Russian Foreign Minister Sergey Lavrov doubs that the parties will be able to agree on all aspects

MOSCOW, November 24. /TASS/. Russia is ready to take part in a new Normandy Quartet (Russia, Germany, France, Ukraine) meeting scheduled for November 29, provided it will not be another pointless meeting, Russian Foreign Minister Sergey Lavrov said at a press conference on Thursday.

On Wednesday, German top diplomat Frank Walter Steinmeier, while addressing the Bundestag (German parliament), said that Germany and France had plans to arrange a Normandy Quartet ministerial meeting in Belarus’s capital of Minsk on November 29.

"We have received an invitation signed by the foreign ministers of Germany and France, dated November 18," Lavrov said. "It arrived only the day before yesterday."

The Russian Foreign Minister noted that on October 19, the participants of the Berlin-hosted Normandy Quartet summit had decided that a road map should be drawn up and approved by the four countries’ foreign ministers. "The leaders said that a ministerial meeting aimed at approving the document, should be held until the end of November but they also said that this meeting should produce meaningful results which means the parties need to agree on a road map," he noted.

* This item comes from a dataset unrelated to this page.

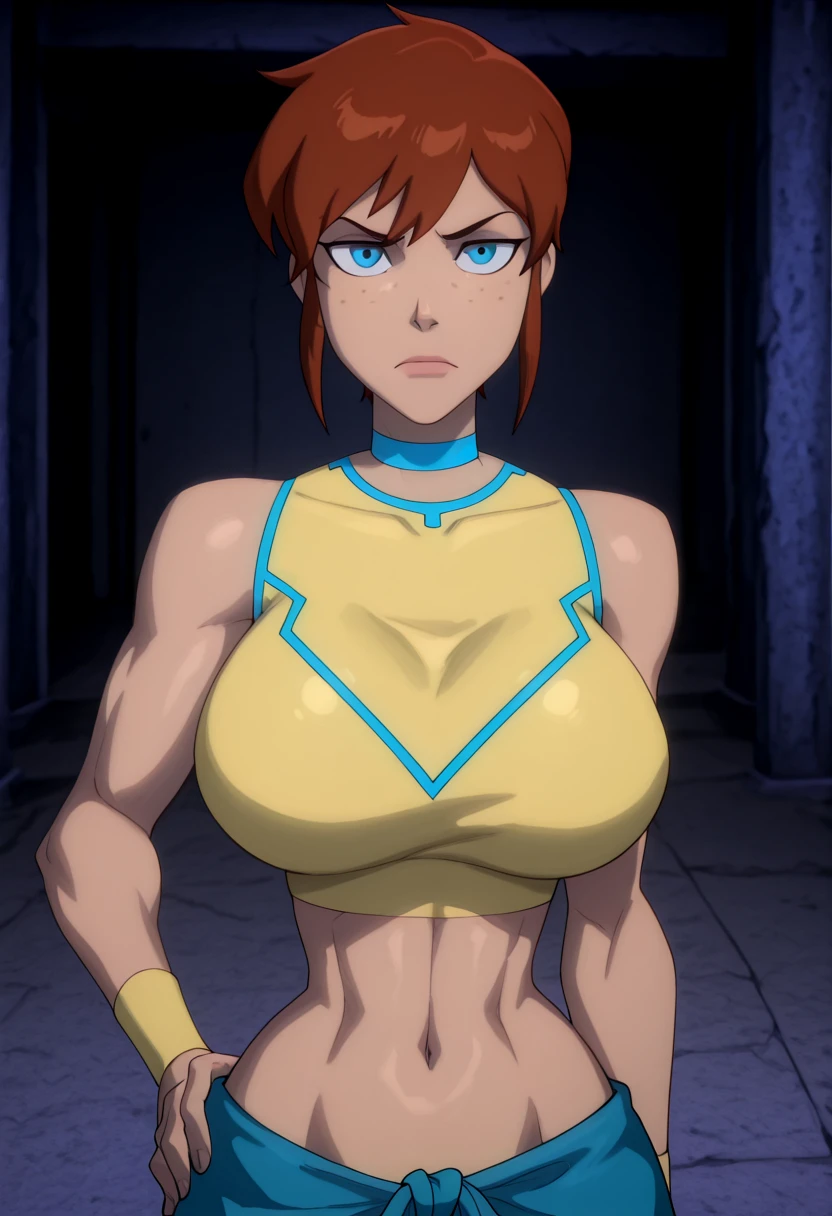 Tula (Young Justice) V1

"I doubt that it is possible to agree on all aspects until November 29, although we will do everything we can," Lavrov stressed. "There still is a possibility that it would be another pointless meeting. Nevertheless if our counterparts are ready to take the chance, we will go to Minsk on November 29."

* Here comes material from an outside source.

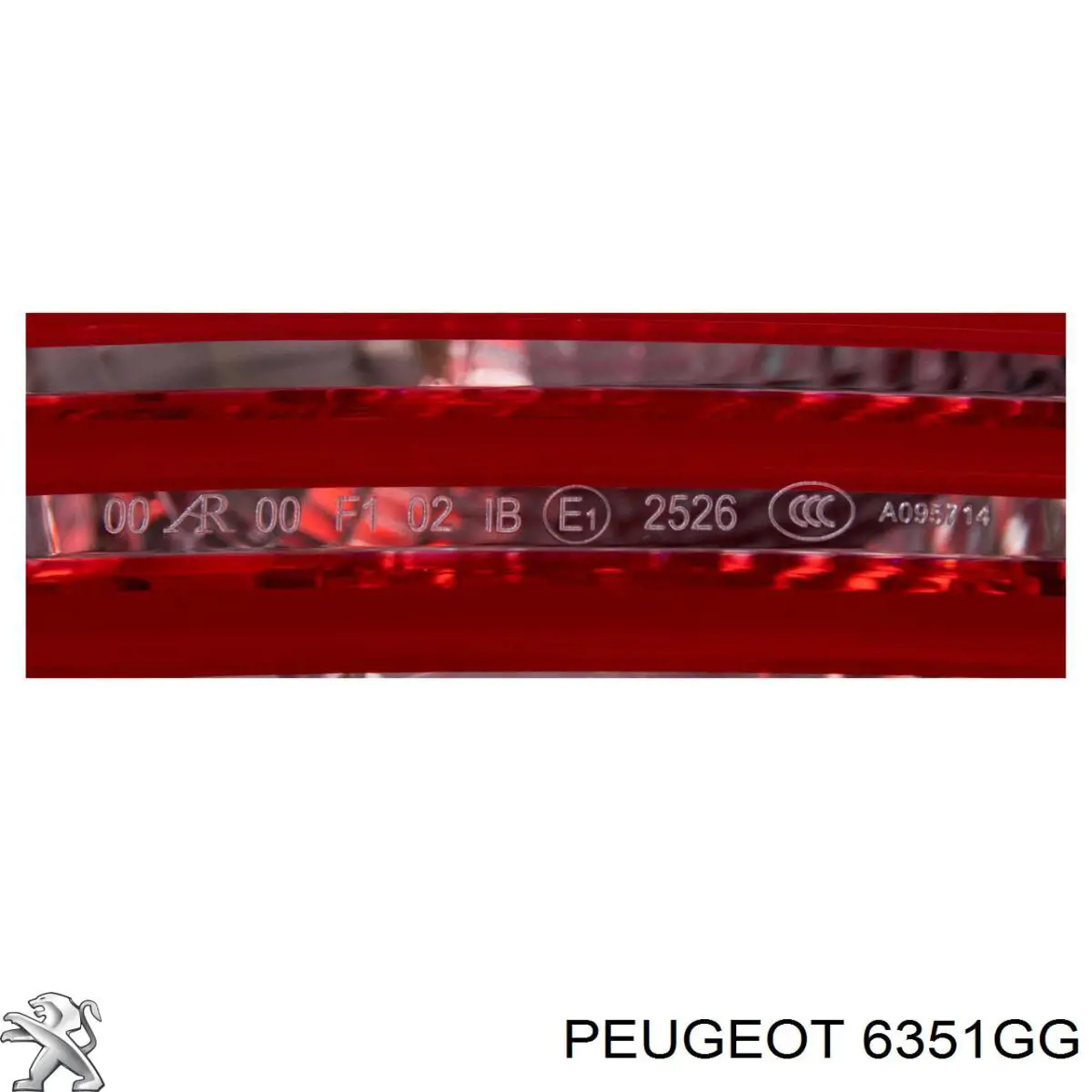 Piloto trasero derecho para Peugeot 308 CC 4B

The Russian top diplomat pointed out that the Normandy Quartet leaders had determined the guidelines for drawing up a road map for Donbass. The parties particularly need to agree on the ways to put into effect the law on the special status of Donbass, ensure that the parties to the conflict take simultaneous steps in the security sphere while the Ukrainian authorities implement political reforms in accordance with the Minsk agreements.

"Russia’s representatives have been sticking to these principles but attempts have been made to step back and advance unilateral approaches," Lavrov added.